IT’S BEEN A HEAVY COUPLE of weeks for the high-school kids of Los Angeles.
After their parents, relatives and neighbors staged what some believe to be the largest march in L.A. since the days of Martin Luther King Jr., many arrived at school last Monday unsure of their role in what felt like a defining moment in the history of their city and country. As might be expected, they went on MySpace, lit up their text-messaging in-boxes, and collectively walked out of class, sparking a second wave of massive public protest against proposed legislation in Washington that would effectively criminalize their families and neighborhoods.
The backlash and media distortion were swift.
From CNN to Fox News, the student demonstrators were portrayed as ill-organized, ill-informed and fueled by little more than a vociferous streak of Mexican nationalism.
While it was clear many of the L.A. kids who walked out were just taking advantage of the chaos — and it was certainly chaotic — one got the sense they also weren’t getting any credit. Speaking on the right-wing soapbox The O’Reilly Factor, NPR senior correspondent Juan Williams bluntly concluded about the L.A. student walkouts: “These kids don’t know anything.” In an interview Tuesday, Williams admitted he hasn’t spoken to students to get a handle on what they do and don’t know.
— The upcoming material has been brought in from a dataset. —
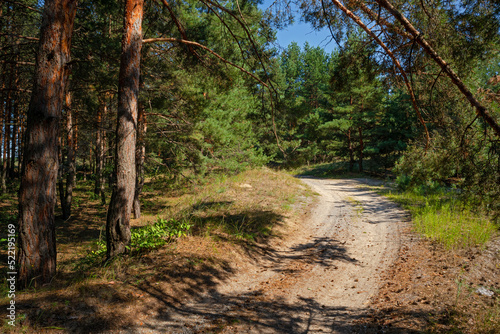 Road in a pine forest in summer on a sunny day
He also expressed a suspicion that the students walking out of class in L.A. were being “used” by “everybody from the unions, to the immigration-rights groups, to Latino-rights groups, like La Raza.”
Hmm. Let’s see for ourselves.
“He’s calling us ignorant — I think it’s the same with him. He hasn’t spoken to me. If he would, he wouldn’t have those conclusions,” said Maria Valenzuela, a 16-year-old junior at Huntington Park High School who has emerged as a leader in that school’s walkouts.
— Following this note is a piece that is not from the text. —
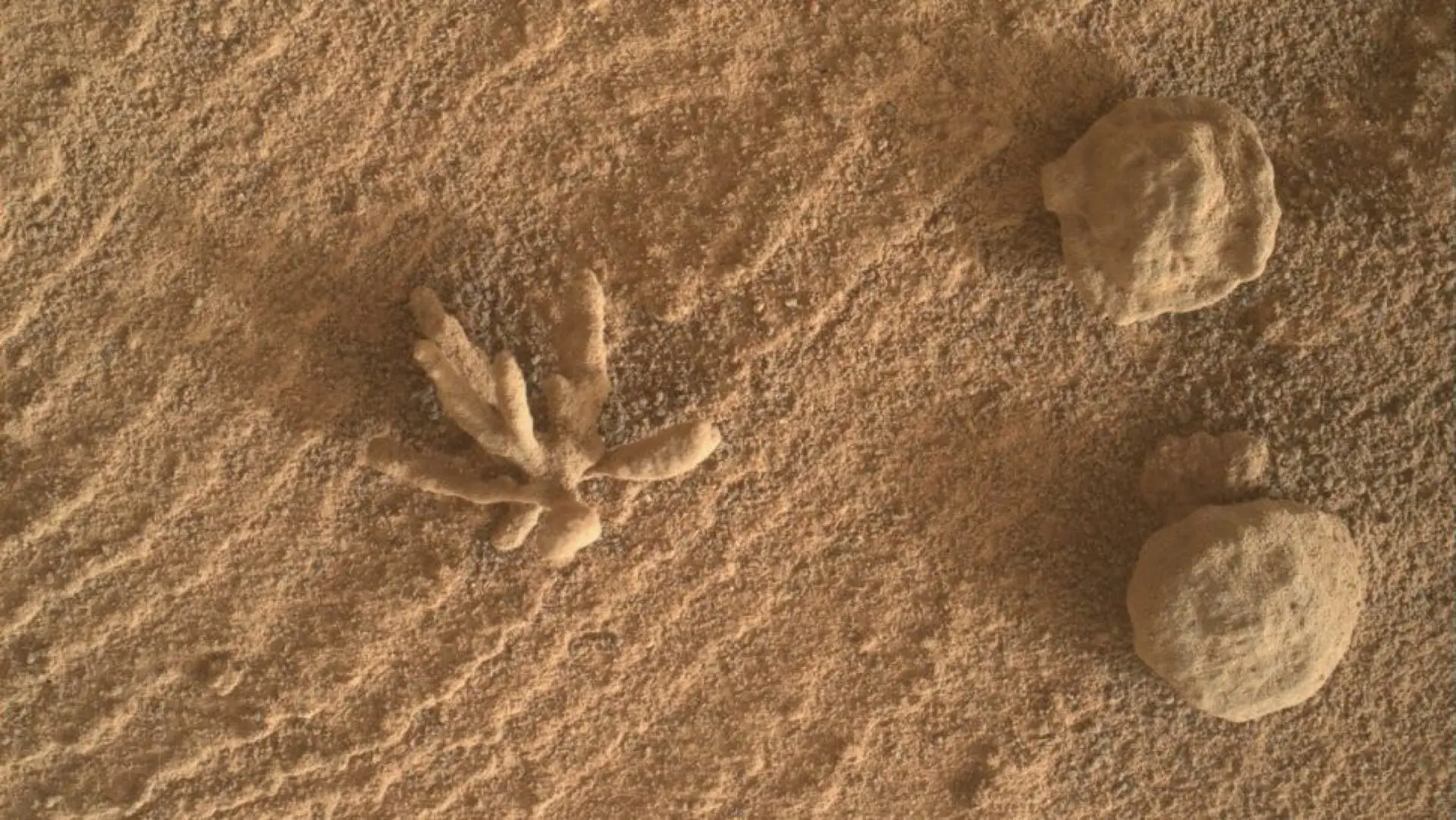 newit Curiosity Rover Discovers Metal Flower on Mars marte nasa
“I’ve also heard the [HBO] movie Walkout had a big part in this, and in our case, it didn’t. I didn’t know there was a movie until they mentioned it.”
Anyone who’s actually been listening to students talk about the walkouts will find that the marchers mostly organized themselves, and did so with a clear sense of purpose and an awareness of broader issues — notwithstanding talking-head adults who, after the fact, criticize or try to attach high-level political meaning to their walkouts.
Valenzuela said she and her peers decided to walk out of class because the proposed immigration-reform law was offensive and outrageous to them. In the face of the extreme HR4437, an extreme reaction seemed to make sense, she said.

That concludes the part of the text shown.